Table 2 . Visual symbols of HMI showing the status of automation mode Automation is running Automation is ready to use Takeover is required (TOR is issued) Automation is disengaged
Design of experiment
This study employed a mixed between-within design, with the type of familiarization (no familiarization, video, low-fidelity VR, high-fidelity VR) as the between-subjects factor, as well as transition scenarios critical takeover, non-critical takeover, and handback) and time of measurement as within-subjects variables. Participants in the no familiarization, or control group (n = 21), were introduced to the drive test without receiving any form of a familiarization tour. Before the drive tests, participants in the video group (n = 21), low-fidelity VR (n = 21), and high-fidelity VR (n = 21) were familiarized with the highly automated driving using a screen, a low-fidelity interaction, and a high-fidelity interaction VR, respectively. In the drive tests, participants in all groups were exposed to the same simulator, driving environment, and scenarios. Moreover, all participants were assigned to engage in an identical secondary task (watching video). They experienced three types of transitions – critical takeover, non-critical takeover, and handback (Table 3) – three times in different blocks. The sequence of these scenarios in each block was randomly specified to avoid learning effects.
Table 3.
Three types of transition: critical takeover, non-critical takeover, and handback
Critical TOR scenario Non-critical TOR scenario Handback scenario
The red car has blocked the right lane, and the subject car (green) issues a TOR with a time budget of 10s, stating that the lane is blocked and takeover is necessary. The subject car (green) issues a TOR with a time budget of 10s, stating that a scheduled exit is ahead. The subject car issues a handback message stating that automation is available.
Procedure
Each participant was individually welcomed into the experiment room and received a written informed consent with a notice that they could end the experiment at any time without providing a reason and without negative consequences.

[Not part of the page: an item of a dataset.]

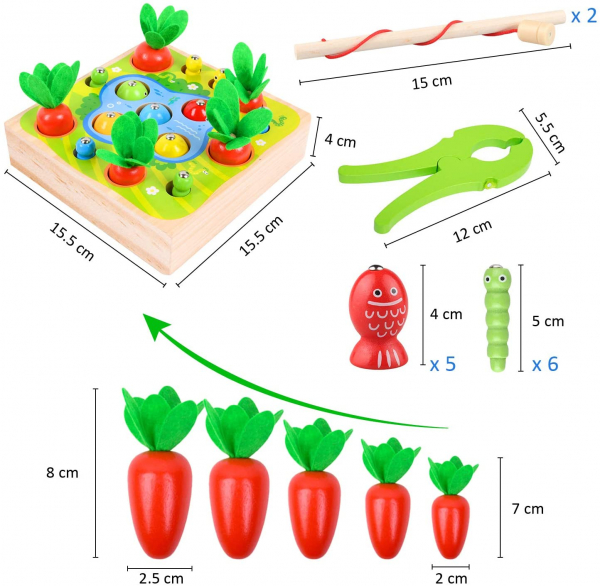 Joc din Lemn motricitate Montessori de pescuit 3 in 1 [8]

After having signed the informed consent documents, each participant read the instructions to complete the experimental task.
The participants were then asked to complete the demographic questionnaire. After completing the questionnaires, participants briefed on the simulator. In the next step, participants who were assigned to take the video tour received a one-hour tour involving text and video covering the previously described content (Figure 1 and Table 1) to familiarize themselves with automated driving. In VR groups, participants received the tour for approximately one hour, then moved to the drive test. Before starting the drive test, all participants were asked to take the knowledge tests; further, participants in training groups were also asked to complete a set of questionnaires: presence and VR sickness questionnaires. Before beginning the drive test, participants were given the option to take a 30-minute break. The drive tests contained three blocks; each one covered three types of transitions (critical takeover, non-critical takeover, and handback). In each block, participants were presented with an urban section that included intersections, pedestrians, and a single and dual carriageway with heavy traffic. They were then directed to a highway section, representing three-lane roads with ramps and traffic signs. At the end of each block, participants were administered the trust questionnaire (Figure 3). When the automated mode was active, participants were required to watch a video of the Our Planet series on Netflix, which was displayed on a tablet mounted to the dashboard. After finishing the experiment, the participants were debriefed and thanked for their time. igure 3. Experiment procedure; Note 1: Participants in the control group skipped the familiarization tour and its questionnaires; Note 2: Q denotes a questionnaire and a T denotes a test
Measures
Two sets of variables associated with learning outcomes and learning experiences were measured to answer the research questions.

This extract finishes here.